Let's take an example to understand it
List<Integer> numbers = Arrays.asList(1,2,3,4,5);
Integer sum = numbers.stream()
.reduce(0, (sum, number) -> sum + number);
The Integer value 0 is the identity value, Its the initial value provided to the reduction process and if the value of the list is empty then it will be the default value which will be returned.
The second argument is the accumulator which will add the previous sum to next number from the stream, initially sum would be 0 here
(sum, number) -> sum + number // Lambda expression
Lambda expression can also be written as a method reference
Integer sum = numbers.stream()
.reduce(0, Integer::sum);
Now let's get back to our original example now
Function<Double> compositeFn = taxRules.stream()
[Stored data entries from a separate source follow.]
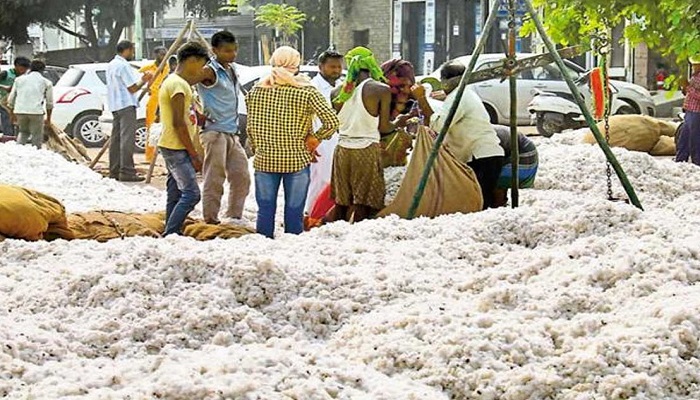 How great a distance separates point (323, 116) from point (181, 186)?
113 cm

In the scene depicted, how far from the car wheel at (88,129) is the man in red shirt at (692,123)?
35.5 feet

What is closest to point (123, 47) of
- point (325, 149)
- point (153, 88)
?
point (153, 88)

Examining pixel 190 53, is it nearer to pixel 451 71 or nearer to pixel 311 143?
pixel 311 143

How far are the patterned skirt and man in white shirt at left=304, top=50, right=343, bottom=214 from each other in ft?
3.70

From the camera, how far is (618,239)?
5.63 meters

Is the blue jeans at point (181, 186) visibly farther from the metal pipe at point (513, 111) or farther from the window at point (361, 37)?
the window at point (361, 37)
.reduce(f -> f, (firstFn, secondFn) -> firstFn.andThen(secondFn));
Here, first function in taxRules would be our identity and accumulator is a lambda expression returning a new composed Function, that first applies its input to firstFn and then applies the result to secondFn.
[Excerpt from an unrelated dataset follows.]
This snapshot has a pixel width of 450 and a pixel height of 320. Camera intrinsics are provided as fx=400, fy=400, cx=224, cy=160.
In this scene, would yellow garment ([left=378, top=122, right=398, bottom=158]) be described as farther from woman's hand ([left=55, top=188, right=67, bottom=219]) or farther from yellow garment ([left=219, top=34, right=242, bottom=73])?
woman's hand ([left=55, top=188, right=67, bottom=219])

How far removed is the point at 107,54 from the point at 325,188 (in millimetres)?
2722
Now, Let's see how client would calculate tax using our improved calculator
ImprovedTaxCalculator calculator = new ImprovedTaxCalculator()
.with(price -> TaxRules.excise(price))
.with(price -> TaxRules.cess(price))
.with(price -> TaxRules.gst(price));
Double newPrice = calculator.calculateTaxablePrice(item);
If tomorrow, we got a new tax, then we just have to add the new function into TaxRules
class and the client can use it, we don't have to change our calculator.
Also, if you have a case where only one client has to apply some extra tax which doesn't have to be defined in TaxRules
, then the client can very easily do that
ImprovedTaxCalculator calculator =
new ImprovedTaxCalculator()
.with(price -> TaxRules.excise(price))
.with(price -> TaxRules.cess(price))
.with(price -> TaxRules.gst(price))
.with(price -> price + price * 0.03); //Extra
Double newPrice = calculator.calculateTaxablePrice(item);
You can see that how functional interface Function can help us write better reusable code with clean fluent API, which is much better than the builder, we wrote earlier.
For now, I will leave you all with this example, we will see some more examples and functional programming pros and cons in the coming posts. So till then enjoy.....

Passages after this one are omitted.